以前から気になっていたのだけれど、お値段がそれなり(kindle版で3,366円)なので気軽に手を出せないでいた本。
GW中に久々に辛いウツモードが発動して色々と対策を探していたところこの本の紹介を見て、ついに買って読んでみることにした。
結論から言うと、読んでよかったです。
全体的に冗長なのと、横書きが読みにくいという難点はあるものの、セルフ・コンパッションという概念と、それがいかに人生を楽に豊かにするために必要なものか、ということがよくわかった。

セルフ・コンパッションとは直訳すると「自分への思いやり」。
その核となる構成要素は以下の三つです。

・自分に優しくすること
・共通の人間性を認識すること
・マインドフルネス

これだけ見てもよくわからんですね。

例えば何か失敗をして落ち込んでいるとします。
私はまさにそのタイプなのですが、自分を責めて自己嫌悪に陥ります。
なんであんな失敗をしたんだ、もっと上手くやれたんじゃないか、ああすべきだったんじゃないか、自分はなんてダメなんだ、とくよくよして自分を責め立てます。
ますます嫌な気持ちになります。
何日も引きずります。

しかし、自分を責めることは百害あって一利なしだそうです。
ではどうするか。

まず、「自分に優しくすること」。
失敗して落ち込んでいる友達を、あなたは「なぜもっとうまくやらなかったのか、なんてダメな奴だ」と罵って責任を追及しますか?
しませんよね。
友達を励ますように、思いやりの気持ちをもって自分に接するのです。

次に「共通の人間性を認識すること」。
つまり、人間誰だって失敗するという当たり前のことを思い出すということです。
常に正解を選び続ける完璧な自分なんてあり得ないのです。

そして「マインドフルネス」。
今ここに集中してそれを受け入れること。
自分が失敗して落ち込んでいるという現実をそのまま受け止めて、良いとか悪いとか判断を下さない。何とかしようとしない。
特に思考ではなく自分が感じている苦痛を身体感覚として感じること。

以上を踏まえて、失敗して落ち込んでいる自分に対してセルフ・コンパッションを実践するとしたら、私だったらこんな感じにする。

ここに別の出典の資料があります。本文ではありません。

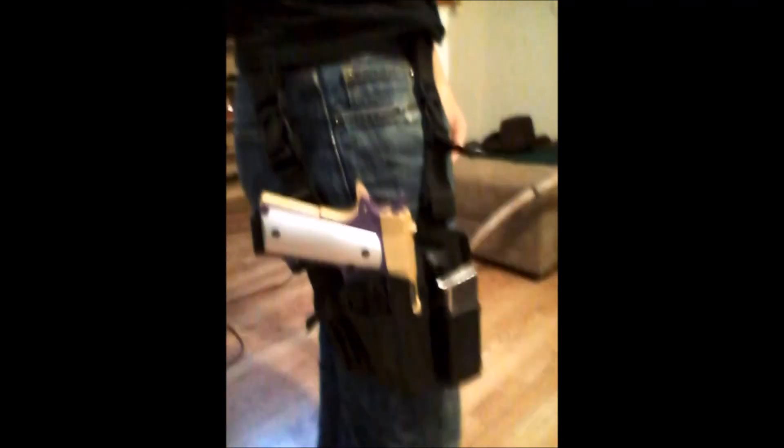The problem I found with 1911 leg holsters is that the 1911 is not a light gun. If you're thinking of a light or compact carry gun, a full-size 1911 does not come to mind. If you don't have a decent belt, you can see it here — it slightly pulls down due to the weight, and it's going to do that over time, which is noticeable.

まず、落ち込んでいる気持ち、恥ずかしい気持ち、後悔する気持ちなど、自分が今感じていることを、判断や評価を交えずに受け止める。
頭の中の思考よりも「胸が締め付けられる感じ」とか「胃がムカムカする感じ」といったように、身体感覚に注目する方がありのままを受け止めやすい。

続いて、そういった苦痛を感じている自分に対して思いやりの気持ちをもって声を掛ける。
例えばこんな感じ。

「辛いよね。わかるよ。でもそんなに責めなくてもいいんだよ。絶対に100%間違えない完璧な人間なんていないんだから。とはいえ、責める気持ちって勝手に沸いてくるよね。消そうと思って消えるもんじゃないよね。わかる。すごいわかる。だから責めちゃう自分を責める必要もないんだよ。だって自分にコントロールできることじゃないんだから」

上手くいかなかったときに、自分自身から断罪され責め立てられるのではなく、こんな風に思いやりを持って励ましてもらえるってすごい安心感があると思いませんか。
この安心感を、他者に求めるのではなく、自分自身で与えることができるのです。
いつでも。どこでも。

本書には他にも色々とヒントになることが書かれています。

直観には反するかもしれないが、ほとんど変えられないのが、自分自身の頭の中で起きていることである。


好ましくない思考や感情を意識的に抑制する能力について、心理学者たちが無数の研究を行なってきた。その結果は明白である。私たちにそのような能力はない。

↑これなんかもう笑っちゃうよね。

ひどい気分のとき、手っ取り早く自分を落ち着かせて慰めたいと思ったら、自分を優しくハグしましょう。(中略)身体的接触がオキシトシンの分泌を促し、安心感を生み、落ち込んだ感情を癒し、心血管系のストレスを軽減することは、研究によって指摘されています。

↑これは最初はちょっと照れくさくて恥ずかしく感じるけれど、やってみると確かにホッとして穏やかな気持ちが生まれてくる。
日常的に続けて習慣化したい。

本書に書かれているこういったヒントから自分で編み出した慰めの言葉の中で、特に気に入っているのが以下の二つ。
また必要になったとき思い出せるように書き残しておく。

「人間とはしばしば間違いを犯す不完全な生き物で、私もそんな不完全な人間の一人にすぎない」
「私は私の苦痛を消し去ることはできないけれど、苦痛を感じている自分を抱き締めることはできる」

あと、気付いたときにいつでも「今、私の健康と幸せのために、思いやりをもってできることはなんだろう?」と自分自身に問いかける習慣をつけるのもいいと思う。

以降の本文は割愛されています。